I want to grow. I want to be better. You Grow. We all grow. We’re made to grow. You either evolve or you disappear.
Each of us has things we’d like to change about ourselves. We might want to eat less or exercise more. We might want to be more assertive. We might want to read more or become experts in something. We might want to be more adventurous.
How many of our desired changes would fundamentally alter who we are? Are we evolving as people?
Evolution has a lot more nuance than change. Evolution means we are building on what came before. It means that exposure to some events, ideas, or changes in circumstance has resulted in our moving forward in a different way.
Many things can lead to our personal evolution. Examples include an epiphany we’ve had about how to make our lives better, a recognition of some truth that had previously evaded us, a wake-up call we’ve had about our health or our state of mind, or an experience we’ve had that alters our worldview.
But as with all aspects of our lives, we should be aware of and intentional about our personal evolution. We should know what we are building on and the experiences we’ve had that have led to our becoming the people we are.
So what does “personal evolution” mean? Will I know it if I experience it?
To me, personal evolution is a shift in a fundamental part of who I am. It doesn’t need to be sudden, but it must be significant and appreciable.
An example of a way we might evolve is in our worldview. We are brought up hearing the perspectives of our parents, our teachers, and other authority figures about our place in our communities, our country, and the world. As we move through life, those perspectives may shift and grow based on what we see, what we read, and our own experiences. Our worldviews could evolve into something very different from what is was growing up.
As we evolve, we might also gain new perspectives on our physical selves. When we’re young, we’re physically resilient and flexible, and we heal quickly. As we get older, we lose some of these qualities and have to find ways to compensate. We need to evolve into fit, graceful, highly mobile versions of our former selves. When I was younger, I was always fit, but I didn’t think too much about being graceful or having an awareness of my body and what it was telling me.

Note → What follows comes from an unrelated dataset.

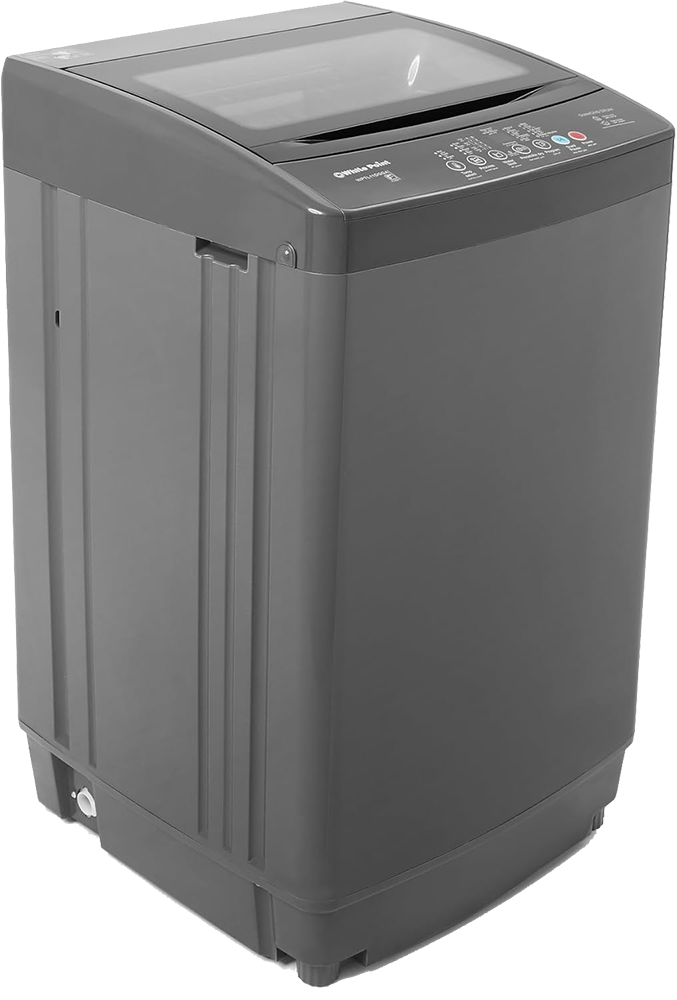 White Point Top Load Fully Automatic Washing Machine, 12 kg , Digital Display, Hydraulic Glass Door, Dark Grey, WPTL12DGGLA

Now (at age 54), I’m more fit than I ever was, and I’m extremely conscious of my flexibility, mobility, and physical coordination. I love to play sports and have had injuries related to baseball and martial arts. But I’m very intentional about the way I recover so that I don’t lose ground on my physical goals. This has been a very positive evolution for me.

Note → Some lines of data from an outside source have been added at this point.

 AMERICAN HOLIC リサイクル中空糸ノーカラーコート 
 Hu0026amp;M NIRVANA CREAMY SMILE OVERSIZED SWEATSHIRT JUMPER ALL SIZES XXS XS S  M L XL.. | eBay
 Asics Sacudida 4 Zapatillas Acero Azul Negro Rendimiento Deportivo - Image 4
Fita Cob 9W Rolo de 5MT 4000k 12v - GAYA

Like other aspects of our lives, evolution will be more beneficial to us if we are intentional about it. We should carefully consider all aspects of our lives and where they may be headed so that we can ensure our evolution goes the way we want it to. Sometimes changes in our lives happen for the wrong reasons. We might not have given some parts of our lives enough attention, so they may be evolving in unhealthy directions. For example, if we only pay attention to voices that we totally agree with, our worldviews will become more narrow and less open-minded. In our personal evolution, we have to ensure that we’re taking the steps necessary to become the people we aspire to be.
Evolution can be scary, but it’s part of being honest with ourselves. We have to be the people who our knowledge, experiences, and opinions have created. We have to be the best versions of ourselves given the lives we have led.